* [What you need to do] Each line of the data below from the one holding "Postel nebo postele" to the one holding "woman applying red lip liner to red lips", inclusive, is to be reproduced exactly; no other line belongs in the answer.

* [Data for review]
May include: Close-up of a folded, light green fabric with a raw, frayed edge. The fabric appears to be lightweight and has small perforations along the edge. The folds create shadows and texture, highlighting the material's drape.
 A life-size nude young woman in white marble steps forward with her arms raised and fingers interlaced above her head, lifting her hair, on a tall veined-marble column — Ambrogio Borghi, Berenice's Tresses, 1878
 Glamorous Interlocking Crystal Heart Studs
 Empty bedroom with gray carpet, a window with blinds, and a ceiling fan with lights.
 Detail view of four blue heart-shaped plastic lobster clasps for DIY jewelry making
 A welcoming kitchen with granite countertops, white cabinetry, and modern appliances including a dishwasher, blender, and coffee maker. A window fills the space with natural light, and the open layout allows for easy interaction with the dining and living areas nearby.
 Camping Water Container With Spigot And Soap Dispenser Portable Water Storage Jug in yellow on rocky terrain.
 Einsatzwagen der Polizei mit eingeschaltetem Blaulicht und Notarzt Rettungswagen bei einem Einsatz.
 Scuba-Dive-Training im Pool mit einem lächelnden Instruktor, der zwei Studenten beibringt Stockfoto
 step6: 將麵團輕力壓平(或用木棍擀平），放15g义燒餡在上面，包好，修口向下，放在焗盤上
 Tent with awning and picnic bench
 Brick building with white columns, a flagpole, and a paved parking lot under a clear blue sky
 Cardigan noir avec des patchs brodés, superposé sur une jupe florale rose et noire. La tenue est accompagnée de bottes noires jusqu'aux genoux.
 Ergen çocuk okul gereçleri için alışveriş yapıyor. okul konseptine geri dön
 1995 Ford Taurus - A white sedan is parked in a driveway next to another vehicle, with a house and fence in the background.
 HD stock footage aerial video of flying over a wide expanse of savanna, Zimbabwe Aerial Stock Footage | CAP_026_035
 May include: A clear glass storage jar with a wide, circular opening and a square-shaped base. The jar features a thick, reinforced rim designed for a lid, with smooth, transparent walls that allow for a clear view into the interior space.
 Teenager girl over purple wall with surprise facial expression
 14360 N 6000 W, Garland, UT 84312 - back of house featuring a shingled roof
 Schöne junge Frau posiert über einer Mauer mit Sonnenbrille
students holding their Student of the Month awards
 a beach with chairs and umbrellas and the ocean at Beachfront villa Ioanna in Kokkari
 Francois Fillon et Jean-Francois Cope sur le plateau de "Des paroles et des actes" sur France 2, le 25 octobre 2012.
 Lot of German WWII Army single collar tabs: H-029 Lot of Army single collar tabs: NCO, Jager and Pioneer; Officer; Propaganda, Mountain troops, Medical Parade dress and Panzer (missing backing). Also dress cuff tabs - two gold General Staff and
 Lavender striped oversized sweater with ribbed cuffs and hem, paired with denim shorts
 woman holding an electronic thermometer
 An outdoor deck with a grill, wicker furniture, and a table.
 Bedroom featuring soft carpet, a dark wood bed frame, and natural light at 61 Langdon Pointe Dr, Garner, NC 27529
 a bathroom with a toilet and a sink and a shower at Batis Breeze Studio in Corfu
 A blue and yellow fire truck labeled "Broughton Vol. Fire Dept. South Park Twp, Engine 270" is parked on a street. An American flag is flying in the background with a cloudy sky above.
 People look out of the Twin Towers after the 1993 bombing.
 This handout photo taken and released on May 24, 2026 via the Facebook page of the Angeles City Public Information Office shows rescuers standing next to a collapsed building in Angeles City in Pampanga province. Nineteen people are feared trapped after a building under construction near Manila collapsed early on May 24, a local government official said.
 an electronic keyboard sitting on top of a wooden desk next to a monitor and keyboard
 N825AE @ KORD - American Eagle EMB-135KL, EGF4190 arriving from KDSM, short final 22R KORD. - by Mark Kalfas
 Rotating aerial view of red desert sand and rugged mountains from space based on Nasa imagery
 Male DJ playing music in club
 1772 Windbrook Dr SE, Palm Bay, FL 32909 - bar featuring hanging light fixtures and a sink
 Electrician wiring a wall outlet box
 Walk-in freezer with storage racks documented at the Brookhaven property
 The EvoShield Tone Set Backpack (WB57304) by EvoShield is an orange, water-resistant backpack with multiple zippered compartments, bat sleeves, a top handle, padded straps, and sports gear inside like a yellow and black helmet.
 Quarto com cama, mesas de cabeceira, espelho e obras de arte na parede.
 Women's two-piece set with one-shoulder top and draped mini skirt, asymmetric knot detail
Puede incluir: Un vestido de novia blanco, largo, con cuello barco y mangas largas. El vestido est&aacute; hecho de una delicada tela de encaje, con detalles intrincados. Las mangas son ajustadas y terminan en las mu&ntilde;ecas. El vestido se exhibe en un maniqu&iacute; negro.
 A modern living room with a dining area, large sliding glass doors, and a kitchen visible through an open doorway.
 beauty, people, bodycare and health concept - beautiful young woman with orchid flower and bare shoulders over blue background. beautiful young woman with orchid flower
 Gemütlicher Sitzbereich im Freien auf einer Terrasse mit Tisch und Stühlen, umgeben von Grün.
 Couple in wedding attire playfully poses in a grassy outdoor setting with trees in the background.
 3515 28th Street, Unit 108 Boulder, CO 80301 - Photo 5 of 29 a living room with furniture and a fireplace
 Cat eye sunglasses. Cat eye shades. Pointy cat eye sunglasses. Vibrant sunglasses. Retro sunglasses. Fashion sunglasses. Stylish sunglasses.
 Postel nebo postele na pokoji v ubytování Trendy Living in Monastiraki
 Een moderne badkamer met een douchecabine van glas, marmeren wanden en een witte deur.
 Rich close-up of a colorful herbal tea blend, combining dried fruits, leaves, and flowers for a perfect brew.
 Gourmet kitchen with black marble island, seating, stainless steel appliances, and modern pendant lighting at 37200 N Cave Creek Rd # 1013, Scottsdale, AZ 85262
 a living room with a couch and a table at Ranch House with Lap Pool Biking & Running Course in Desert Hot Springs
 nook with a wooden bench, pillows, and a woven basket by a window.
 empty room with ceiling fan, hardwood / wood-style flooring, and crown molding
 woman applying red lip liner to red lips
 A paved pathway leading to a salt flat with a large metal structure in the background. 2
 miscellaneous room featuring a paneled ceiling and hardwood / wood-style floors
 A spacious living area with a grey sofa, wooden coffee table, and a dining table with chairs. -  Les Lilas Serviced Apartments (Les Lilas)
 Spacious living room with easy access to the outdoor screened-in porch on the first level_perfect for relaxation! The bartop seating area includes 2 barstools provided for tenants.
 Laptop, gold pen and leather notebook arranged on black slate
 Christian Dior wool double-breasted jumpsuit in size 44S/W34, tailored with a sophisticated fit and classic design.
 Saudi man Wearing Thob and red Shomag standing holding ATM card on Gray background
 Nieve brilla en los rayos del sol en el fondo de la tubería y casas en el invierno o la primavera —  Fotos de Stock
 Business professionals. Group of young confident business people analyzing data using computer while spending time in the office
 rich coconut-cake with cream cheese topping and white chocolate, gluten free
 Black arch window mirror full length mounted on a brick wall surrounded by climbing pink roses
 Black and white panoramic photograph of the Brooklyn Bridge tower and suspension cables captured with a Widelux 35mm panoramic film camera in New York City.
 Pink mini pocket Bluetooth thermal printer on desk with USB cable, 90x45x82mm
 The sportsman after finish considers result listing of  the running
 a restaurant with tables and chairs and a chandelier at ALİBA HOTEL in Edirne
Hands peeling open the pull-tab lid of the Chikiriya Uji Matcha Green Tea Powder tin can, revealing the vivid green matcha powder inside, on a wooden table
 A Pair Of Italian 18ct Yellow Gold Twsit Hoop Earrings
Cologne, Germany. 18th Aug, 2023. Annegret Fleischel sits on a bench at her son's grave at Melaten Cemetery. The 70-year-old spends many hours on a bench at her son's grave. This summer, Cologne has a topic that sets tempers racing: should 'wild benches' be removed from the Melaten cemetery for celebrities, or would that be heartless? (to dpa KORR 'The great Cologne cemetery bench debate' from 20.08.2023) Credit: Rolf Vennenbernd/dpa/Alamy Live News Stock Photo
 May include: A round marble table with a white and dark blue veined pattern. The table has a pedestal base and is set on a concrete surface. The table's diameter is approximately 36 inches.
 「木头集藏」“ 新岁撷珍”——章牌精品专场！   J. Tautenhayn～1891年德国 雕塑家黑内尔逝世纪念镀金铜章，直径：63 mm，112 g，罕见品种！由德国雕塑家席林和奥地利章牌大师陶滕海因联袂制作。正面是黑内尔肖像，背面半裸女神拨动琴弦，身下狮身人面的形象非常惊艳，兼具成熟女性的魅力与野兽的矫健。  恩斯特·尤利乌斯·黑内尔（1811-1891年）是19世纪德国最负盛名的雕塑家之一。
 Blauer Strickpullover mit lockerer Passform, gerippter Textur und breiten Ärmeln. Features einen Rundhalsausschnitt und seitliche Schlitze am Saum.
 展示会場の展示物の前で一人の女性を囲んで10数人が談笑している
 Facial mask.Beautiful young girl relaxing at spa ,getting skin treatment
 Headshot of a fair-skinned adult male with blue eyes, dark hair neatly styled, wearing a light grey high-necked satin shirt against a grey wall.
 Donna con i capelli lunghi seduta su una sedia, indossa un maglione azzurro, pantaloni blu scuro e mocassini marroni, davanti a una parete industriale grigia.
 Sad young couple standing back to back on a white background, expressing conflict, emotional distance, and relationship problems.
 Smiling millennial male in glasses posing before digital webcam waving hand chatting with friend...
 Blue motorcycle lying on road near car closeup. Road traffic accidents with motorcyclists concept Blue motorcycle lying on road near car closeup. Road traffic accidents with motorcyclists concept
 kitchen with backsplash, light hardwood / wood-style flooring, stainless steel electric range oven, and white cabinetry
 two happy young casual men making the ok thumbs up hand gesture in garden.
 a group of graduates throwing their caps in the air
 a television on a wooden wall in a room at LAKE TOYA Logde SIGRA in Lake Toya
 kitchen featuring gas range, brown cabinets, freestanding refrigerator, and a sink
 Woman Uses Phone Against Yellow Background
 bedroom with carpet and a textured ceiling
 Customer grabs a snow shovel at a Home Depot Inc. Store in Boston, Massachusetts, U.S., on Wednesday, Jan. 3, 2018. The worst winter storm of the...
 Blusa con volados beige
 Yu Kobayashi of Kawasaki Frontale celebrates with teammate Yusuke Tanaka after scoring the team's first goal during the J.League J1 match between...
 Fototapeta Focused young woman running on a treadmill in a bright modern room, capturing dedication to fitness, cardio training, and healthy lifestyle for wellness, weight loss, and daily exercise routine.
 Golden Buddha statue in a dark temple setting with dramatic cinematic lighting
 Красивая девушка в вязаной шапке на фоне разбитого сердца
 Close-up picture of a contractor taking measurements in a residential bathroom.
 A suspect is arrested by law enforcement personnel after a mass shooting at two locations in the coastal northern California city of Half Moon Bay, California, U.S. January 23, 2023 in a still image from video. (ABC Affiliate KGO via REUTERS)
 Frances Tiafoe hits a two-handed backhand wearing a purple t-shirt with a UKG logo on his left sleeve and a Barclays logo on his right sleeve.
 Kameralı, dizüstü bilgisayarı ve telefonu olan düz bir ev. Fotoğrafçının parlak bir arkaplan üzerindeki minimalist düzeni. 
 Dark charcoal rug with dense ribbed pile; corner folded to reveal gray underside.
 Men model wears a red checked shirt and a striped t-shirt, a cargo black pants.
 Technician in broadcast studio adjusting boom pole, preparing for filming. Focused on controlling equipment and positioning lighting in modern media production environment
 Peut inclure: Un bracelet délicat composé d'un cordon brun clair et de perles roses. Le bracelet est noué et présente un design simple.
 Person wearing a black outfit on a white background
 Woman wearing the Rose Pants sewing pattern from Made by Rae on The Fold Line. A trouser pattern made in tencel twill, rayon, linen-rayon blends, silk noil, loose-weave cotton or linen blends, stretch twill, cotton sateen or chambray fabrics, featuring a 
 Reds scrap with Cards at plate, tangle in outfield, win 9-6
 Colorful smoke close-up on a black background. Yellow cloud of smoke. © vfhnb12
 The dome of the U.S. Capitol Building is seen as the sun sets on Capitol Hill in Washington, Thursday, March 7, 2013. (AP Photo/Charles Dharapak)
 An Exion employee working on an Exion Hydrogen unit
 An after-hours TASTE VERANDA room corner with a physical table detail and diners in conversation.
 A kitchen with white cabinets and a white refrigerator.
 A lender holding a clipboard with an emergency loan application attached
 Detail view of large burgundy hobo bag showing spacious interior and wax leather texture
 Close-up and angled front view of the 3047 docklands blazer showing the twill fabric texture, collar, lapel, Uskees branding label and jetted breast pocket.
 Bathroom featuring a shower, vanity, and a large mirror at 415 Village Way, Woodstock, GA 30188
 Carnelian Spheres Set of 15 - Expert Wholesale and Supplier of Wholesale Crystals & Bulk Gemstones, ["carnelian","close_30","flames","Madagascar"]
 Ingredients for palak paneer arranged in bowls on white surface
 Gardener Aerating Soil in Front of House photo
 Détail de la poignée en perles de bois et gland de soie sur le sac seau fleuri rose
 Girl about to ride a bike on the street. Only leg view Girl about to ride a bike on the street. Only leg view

* [Answer below]
 Postel nebo postele na pokoji v ubytování Trendy Living in Monastiraki
 Een moderne badkamer met een douchecabine van glas, marmeren wanden en een witte deur.
 Rich close-up of a colorful herbal tea blend, combining dried fruits, leaves, and flowers for a perfect brew.
 Gourmet kitchen with black marble island, seating, stainless steel appliances, and modern pendant lighting at 37200 N Cave Creek Rd # 1013, Scottsdale, AZ 85262
 a living room with a couch and a table at Ranch House with Lap Pool Biking & Running Course in Desert Hot Springs
 nook with a wooden bench, pillows, and a woven basket by a window.
 empty room with ceiling fan, hardwood / wood-style flooring, and crown molding
 woman applying red lip liner to red lips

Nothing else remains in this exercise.